Wenn Du da dann weiterfährst, kommst Du direkt auf den Trail, der zu den Johannes-Anstalten führt.


----------



## dox (13. April 2007)

Wer spricht hier von mir und meinem tollen Trikot?
Das am Karfreitag könnt ich gewesen sein. Aber hab keine Ahnung mehr wo ich genau unterwegs war.
Zur Zeit wüten die Waldarbeiter sowieso wie verrückt aber dadurch entstehen auch neue schöne wege.


----------



## olih (13. April 2007)

Ich habe wohl von Dir geredet...

Ok,
der Trail zur Anstalt ist klar. Danke. Ich dachte das geht früher ab. Der neu angelegte Weg wo früher die Brücke war macht echt Spaß, auf jeden Fall ,ehr Spaß als der Umweg über die Wiese


----------



## Geisterfahrer (14. April 2007)

Sonntag wollen Sharky und ich eine kleine Runde im Gundelsheimer Wald drehen, eventuell auch im Knopfwald.

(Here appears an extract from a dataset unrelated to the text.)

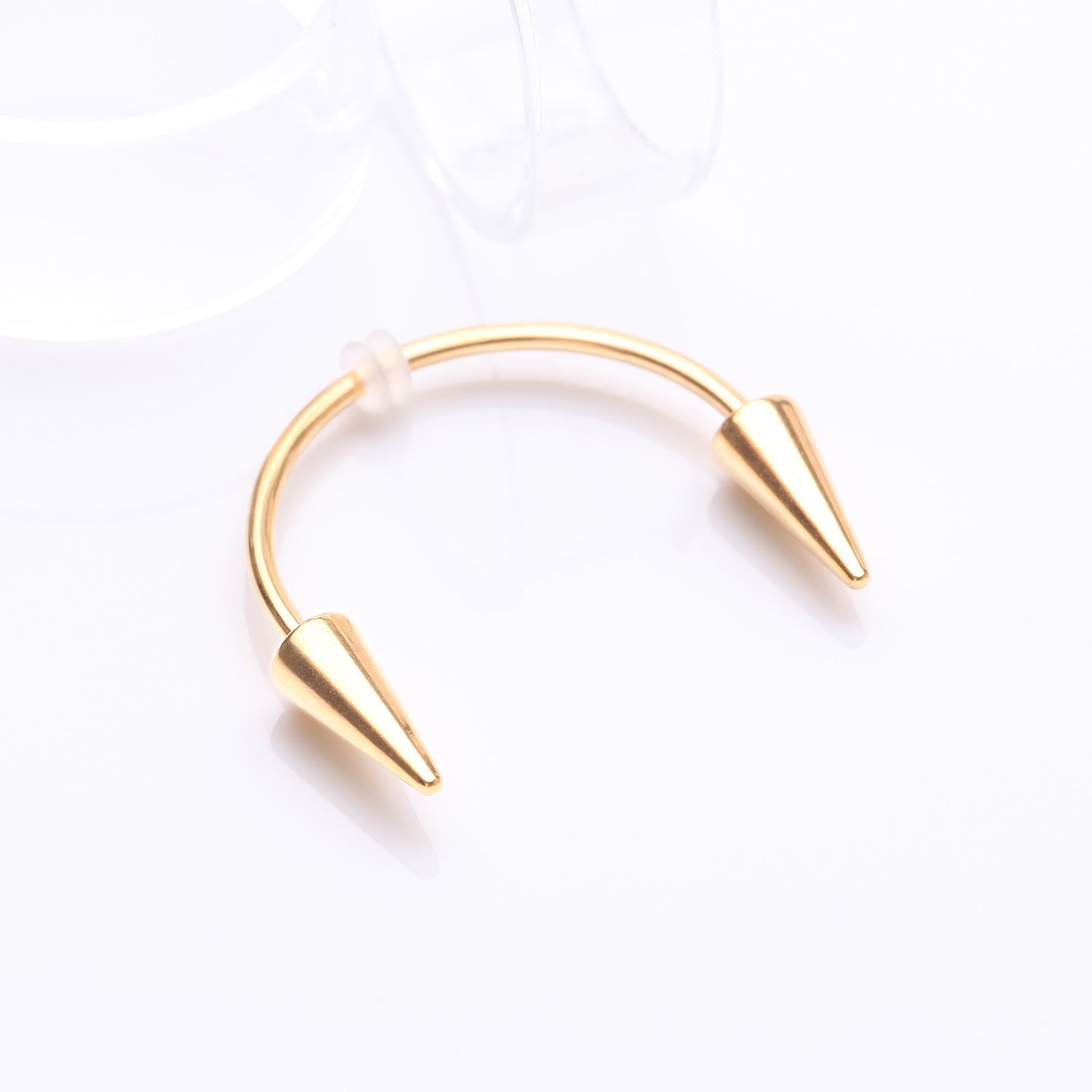 Detail View 1 of Golden Vampire Fangs Smiley Piercing Spike Horseshoe Barbell with O-Rings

Treffpunkt ist der Stockbronner Hof, Startzeit 11.00.
Falls jemand Lust hat, sich anzuschließen, nur zu.


----------



## sharky (14. April 2007)

lass uns 11.30 machen, muss schließlich noch 30min zum hof radeln und vorher noch das zeug richten, und ein bisschen ausschlafen tut auch mal gut


----------



## cubes (14. April 2007)

würde sehr gern mitfahren, muss aber leider schaffen   das nächstemal kommt bestimmt !!!!


----------



## MTB-News.de




----------



## sharky (14. April 2007)

*11.30 am strockbronner hof steht!*

alternativ 10.50 in gundelsheim am rathaus!


----------